= Hecuba (statue) =

Statue on the USC campus

The Hecuba statue, a bronze sculpture located in the central piaza of USC Village at the University of Southern California. The statue honors Hecuba, the queen of Troy who was married to King Priam during the Trojan War. Designed to serve as a female counterpart to the iconic Tommy Trojan statue, the Hecuba statue symbolizes gender equality at USC and represents the diverse community of USC students, faculty, and alumni.

==History==
The statue was designed by Christopher Slatoff, who also created the statue of judge Robert Maclay Widney, the university's founder, that stands in front of the Widney Alumni House on the south side of campus. The statue was unveiled on August 17, 2017, as the centerpiece of USC Village, a $700 million Gothic Revival-style mixed-use expansion of the USC campus.

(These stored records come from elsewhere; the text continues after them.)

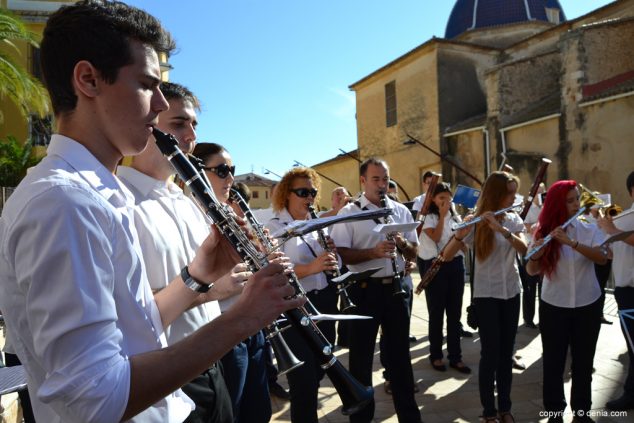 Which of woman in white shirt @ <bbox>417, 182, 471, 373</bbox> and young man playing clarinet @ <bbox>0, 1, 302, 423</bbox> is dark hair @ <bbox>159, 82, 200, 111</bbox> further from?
woman in white shirt @ <bbox>417, 182, 471, 373</bbox>

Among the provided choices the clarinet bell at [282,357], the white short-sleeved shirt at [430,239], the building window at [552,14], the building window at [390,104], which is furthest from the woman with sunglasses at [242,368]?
the building window at [552,14]

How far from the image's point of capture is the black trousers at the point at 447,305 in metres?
6.00

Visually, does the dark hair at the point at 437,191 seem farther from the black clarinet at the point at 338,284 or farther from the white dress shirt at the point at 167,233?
the white dress shirt at the point at 167,233

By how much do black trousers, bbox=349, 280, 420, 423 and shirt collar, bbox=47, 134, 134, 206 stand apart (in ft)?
10.6

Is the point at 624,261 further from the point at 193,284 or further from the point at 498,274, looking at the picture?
the point at 193,284

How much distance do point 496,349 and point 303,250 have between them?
6.18ft

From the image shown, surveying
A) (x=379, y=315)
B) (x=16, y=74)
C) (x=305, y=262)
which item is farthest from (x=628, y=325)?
(x=16, y=74)

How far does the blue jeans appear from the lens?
8.54 ft

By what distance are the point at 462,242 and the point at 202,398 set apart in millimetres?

==Features and symbolism==
The Hecuba statue stands 12 feet tall, rising atop a pedestal that measures 9 feet tall, Hecuba is depicted extending her arm in an appeal to the USC community. The entire silica bronze sculpture weighs nearly two tons. The statue's base features six female figures, each representing a different academic discipline and embodying the ethnic diversity of USC. They are joined by a "ribbon of thought," signifying the interconnectedness of ideas and the continuous pursuit of learning. The base features two quotations from literature about Hecuba that are inscribed on the pedestal; a quotation from Hamlet and a pair of lines from Euripides' Hecuba. The two excerpts from Euripides appear in Greek. Notably, the quotation from Hamlet is attributed to "Shakespear's Hamlet", which the university said was intentional to give the statue a more "ancient feel".